Legibility & The Typographic Grid

I was interested in the section in chapter 4 dealing with capital and lowercase letters. I've never put much thought into the recognizable shapes that lowercase words make, ones that we sometimes instantly recognize. Previously, I thought that words in all capitals were a bit easier to read because they are more eye catching and are very uniform. However, their letter height is all the same, which makes their "word shape" non-existent, slowing down our reading time. I also thought it was interesting that some of the most used letters like a, e, i, o, and u are among the most illegible. It made me wonder whether other languages have similar problems with illegibility. Chinese and Japanese for example mainly consist of characters that represent a whole word, rather than letters that makes up words. I'm curious to know whether English has more problems with illegibility than, for example, East Asian alphabets.

I've always been fascinated with the golden ratio and the Fibonacci sequence, and I wasn't surprised to see that it is utilized in typography as a natural standard of proportion. Nature-based proportions like the golden section are often used in art and sculpture to make oversized statues look proportional, or large scale paintings look realistic.

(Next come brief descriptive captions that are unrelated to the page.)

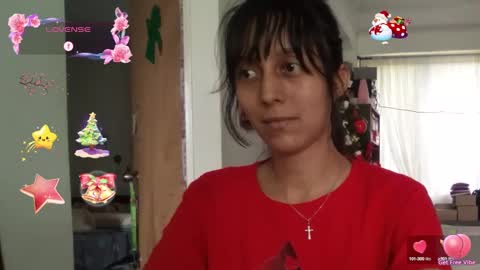 Snapshot of lunamoon_17 chatting on 12.17.24 LUNA online show from 12.17.24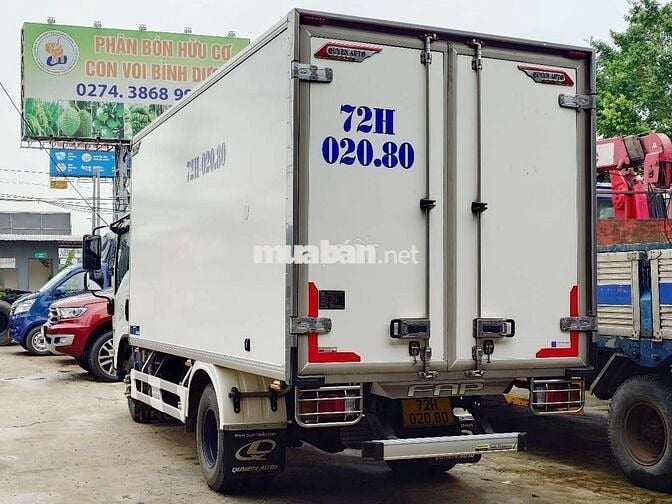 Isuzu QKR 2022 Thùng bảo ôn Quyền Auto - 69000 km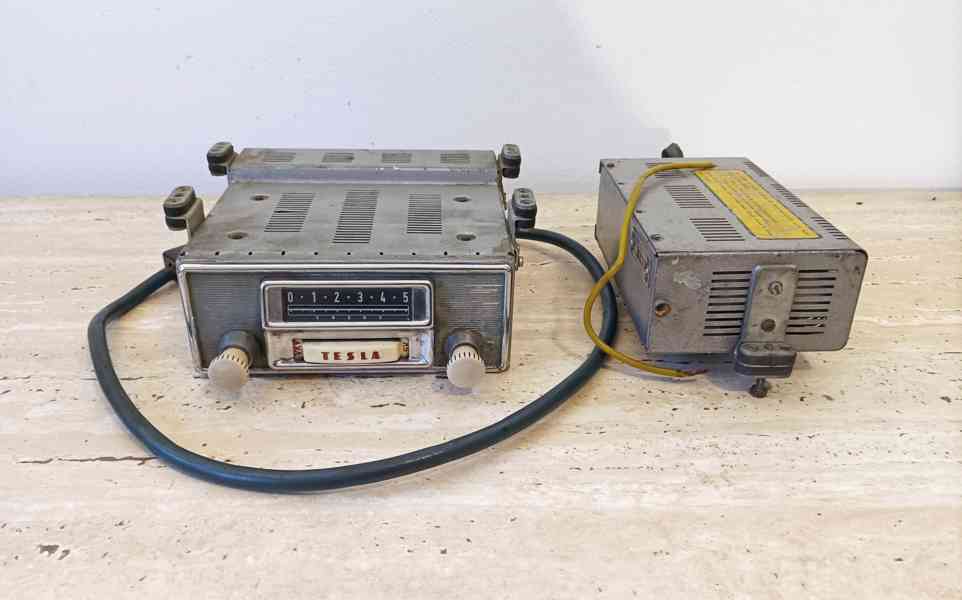 Staré autorádio Tesla 2103BV "Luxus" v krásném stavu  - foto 1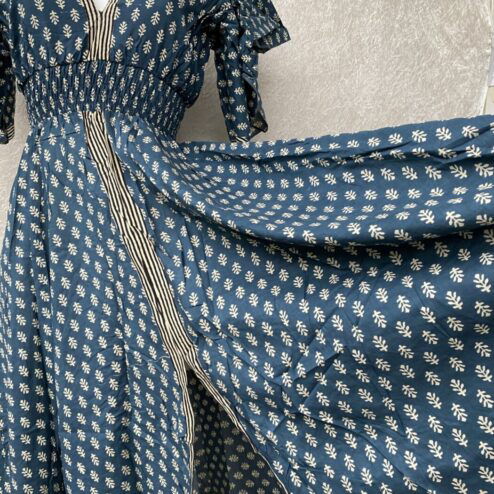 Schitterende zomerjurk, gemaakt van blockprint stof die geheel met de hand gestempeld is. Superacht elastiek net onder de borst voor een mooie snit. Honderd procent katoen en past maat XS-XXL tot en met Cupmaat G
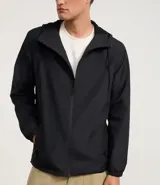 Campera rompevientos color verde oliva con capucha ajustable con cordón, cierre frontal con cremallera, bolsillos laterales con cremallera, puños con elástico y forro interior. Ligera y versátil, ideal para proteger del viento y la lluvia ligera.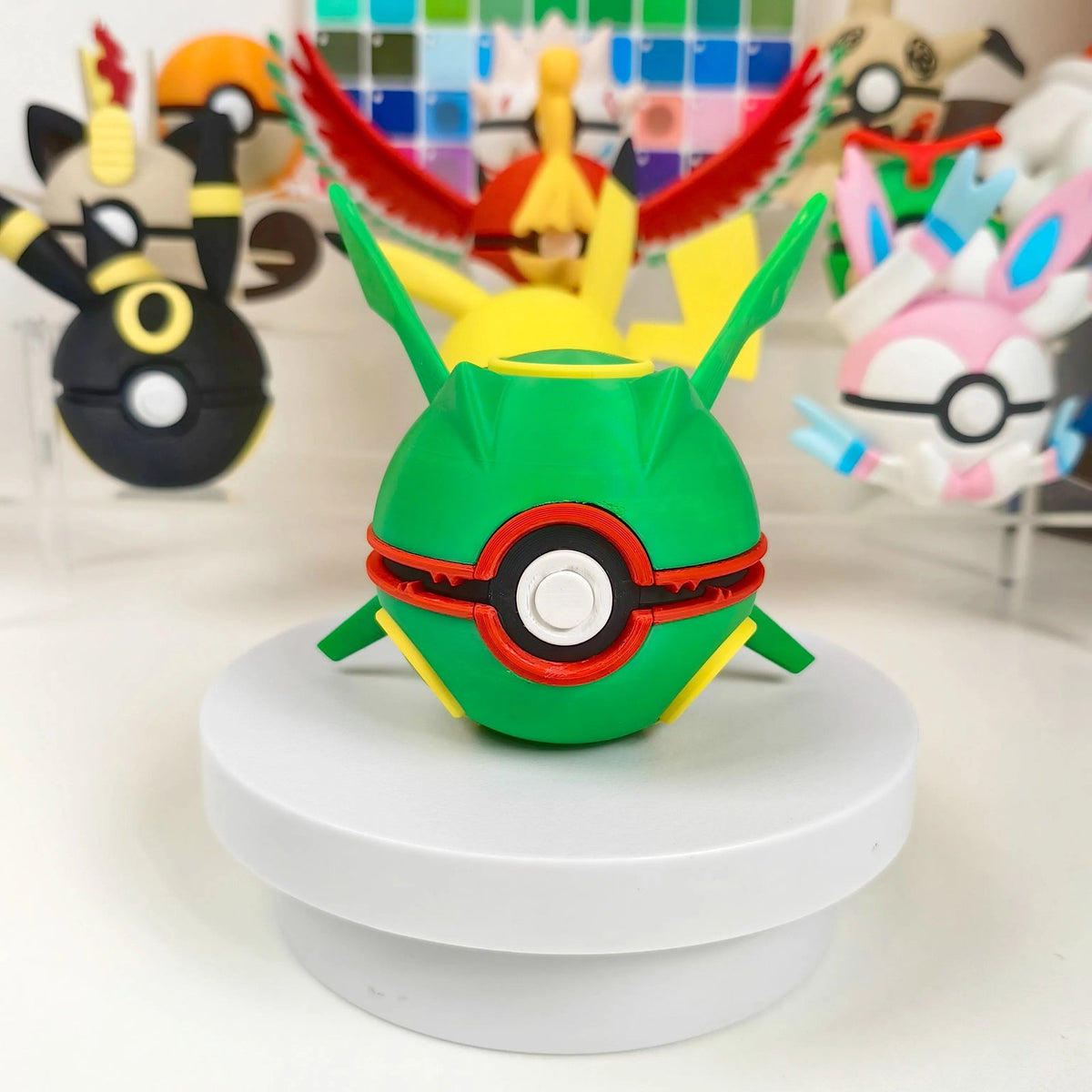Premium Poké Ball in Groudon, Kyogre and Rayquaza designs – Rayquaza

In typography, I think that classic means of proportion are useful to give viewers a subconscious familiarity with whatever you're designing. I also found it important to note that while "the modular grid appears mathematical, repetitive, and unimaginative... the grid [is] a system for organizing information... not as a physical, inpenatrable fortress" (105). Without the careful mathematics of a grid behind articles, magazines, and books, it would be almost impossible to design creatively, yet still retain unity in your composition.